La literatura es detalle. La gran literatura es detalle. Toda gran literatura es descriptiva, minuciosa, de una u otra manera, con más o menos historia hilándolo todo, y bucea en un mundo de detalles recreados con palabras. No se puede escribir en general. O sí, pero sale una pasta, un cemento de palabras, un cementerio. El escritor primero ve y después escribe. En la literatura de verdad las palabras siempre van después; las palabras son pinceladas que construyen lo visto, lo sentido, lo vivido. Y si se hace bien, si las palabras adecuadas se dejan atrapar lo visto emerge otra vez, de otra manera, sobre el papel, o sobre la pantalla. Entonces, esa realidad se lee. Y eso nos emociona, como emocionó al autor, y lo vemos, como lo vio él. Lo vemos desde él, lo que ya es tomarse muchas confianzas con alguien que normalmente no conocemos en persona pero al que acabamos conociendo más que a muchos otros que nos rodean. Un libro, así, es como un monstruo de Frankenstein rematado por un sinfín de puntos y cosidos, que a pesar de todo a veces acaba levantándose y se va a asustar almas por ahí, con un andar más o menos torpe.

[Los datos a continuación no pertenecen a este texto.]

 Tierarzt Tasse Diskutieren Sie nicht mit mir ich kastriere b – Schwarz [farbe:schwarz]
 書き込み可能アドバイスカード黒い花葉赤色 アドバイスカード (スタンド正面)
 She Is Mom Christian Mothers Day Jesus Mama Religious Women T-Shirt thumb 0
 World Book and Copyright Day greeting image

Las cosas son detalles unidos misteriosamente. En algún lugar del coco estos detalles se unen convirtiéndose en cosas. Pero poco a poco dejamos de ver esos detalles; las cosas aparecen enteras, hechas, de una pieza, porque es como si se gastaran de tanto verlas, y esos detalles otras veces se nos aparecen claros, a lo mejor por primera vez, y con suerte, con mucha suerte, podemos quizá encontrarles unas palabras que no los estropeen, que los respeten, que les permitan aparecer para siempre, escritos. Escribir debe ser volver a nombrar las cosas; volver a verlas. Se ve lo que ya hemos visto, lo reconocemos.
Son cosas escritas, son cosas leídas, son cosas reales. Es literatura, podríamos decir, realista. Aunque da igual la etiqueta. Las etiquetas están estropeadas por tantos sobreentendidos y tópicos que en lugar de facilitar la comunicación la enredan. Es cuando las palabras, con tantos sambenitos encima, apenas sirven para decir nada. Puede ser esta una.

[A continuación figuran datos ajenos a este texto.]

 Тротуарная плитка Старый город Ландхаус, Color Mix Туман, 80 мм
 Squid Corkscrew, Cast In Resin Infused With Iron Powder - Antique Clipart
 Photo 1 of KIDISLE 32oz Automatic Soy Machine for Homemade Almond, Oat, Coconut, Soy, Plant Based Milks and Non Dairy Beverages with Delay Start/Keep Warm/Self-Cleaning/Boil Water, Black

En el cuento La carta robada de Poe la carta está a la vista (encima de un tarjetero, sobre la repisa de una chimenea, tan a la vista que se vuelve invisible). Se busca en todas partes, se escudriñan todos los cajones y hasta los travesaños de las sillas se revisan por si hay alguna grieta sospechosa; se ha mirado debajo de la cama, debajo de las alfombras, en todo los debajos posibles, pero la carta está a la vista, en el lugar más a la vista, y por lo tanto más escondido. Esta literatura que me gusta vuelve a ver donde ya no vemos. No es otra cosa. No es nada del otro mundo, de otros mundos, o de otros mundos que no estén en este, nada demasiado especial o subterráneo. La gran literatura mira y nombra. Pone nombres a las cosas; pone palabras a la imagen de las cosas. Esto no quiere decir que lo que se construye con palabras sea clavado a la realidad del que lee, tal palo para tal astilla. Es más, nunca es así. Es la mirada del que escribe la que leemos, la que vemos, por supuesto, y que puede variar tanto del que lee que el mismo objeto o persona sean completamente distintos, de distintos planetas.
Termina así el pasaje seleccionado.